It’s not exactly news that the federal No Child Left Behind program has encouraged the states to define proficiency downward in order to avoid triggering various federal sanctions. But judging from Education Next’s recent grading of state proficiency standards, the Obama administration’s Race to the Top program is no fix. Here’s the journal’s overall finding: “Every state, for both reading and math (with the exception of Massachusetts for math), deems more students ‘proficient’ on its own assessments than NAEP [the National Assessment of Educational Progress] does. The average difference is a startling 37 percentage points.”
But perhaps even more startling is that “Tennessee received an F and had the lowest standards of all states” yet was also one of the two winners in the first phase of the Race to the Top (RttT) competition.
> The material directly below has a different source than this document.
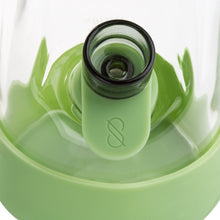Load image into Gallery viewer, Session Goods Bowl and Downstem
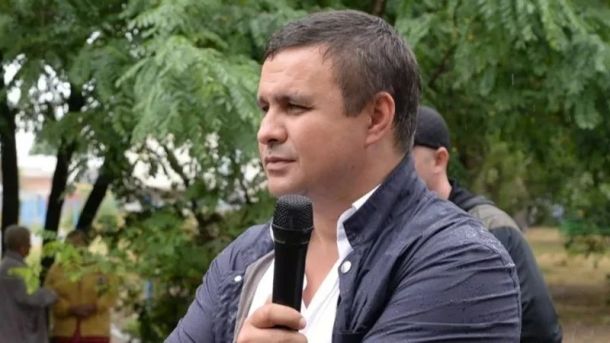 Нові шахрайські схеми від ФСБ: у Києві маніпулюють літніми людьми через фейкові повістки Нові шахрайські схеми від ФСБ: у Києві маніпулюють літніми людьми через фейкові повістки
Education Next reports:
Based on its own tests and standards, the state claimed in 2009 that over 90 percent of its 4th-grade students were proficient in math, whereas NAEP tests revealed that only 28 percent were performing at a proficient level. Results in 4th-grade reading and at the 8th-grade level are much the same. … Delaware, the other RttT First Phase winner, also had below-average standards, for which we awarded a grade of C- and ranked it 36th of the 50 states and the District of Columbia. … Tennessee earned almost full marks (98 percent) on the section of the [Race to the Top] competition … devoted to “adopting standards and assessments,” even though its standards have remained extremely low ever since the federal accountability law took hold.
The Department of Education appears to have rewarded Tennessee not for raising its standards but for promising to raise its standards. Maybe it’s following the example of Bart Simpson, who once quipped: “I can’t promise I’ll try, but I’ll try to try.” [See “State Standards Rising in Reading but Not in Math,” by Paul E. Peterson and Carlos Xabel Lastra-Anadón, Education Next, Fall 2010.]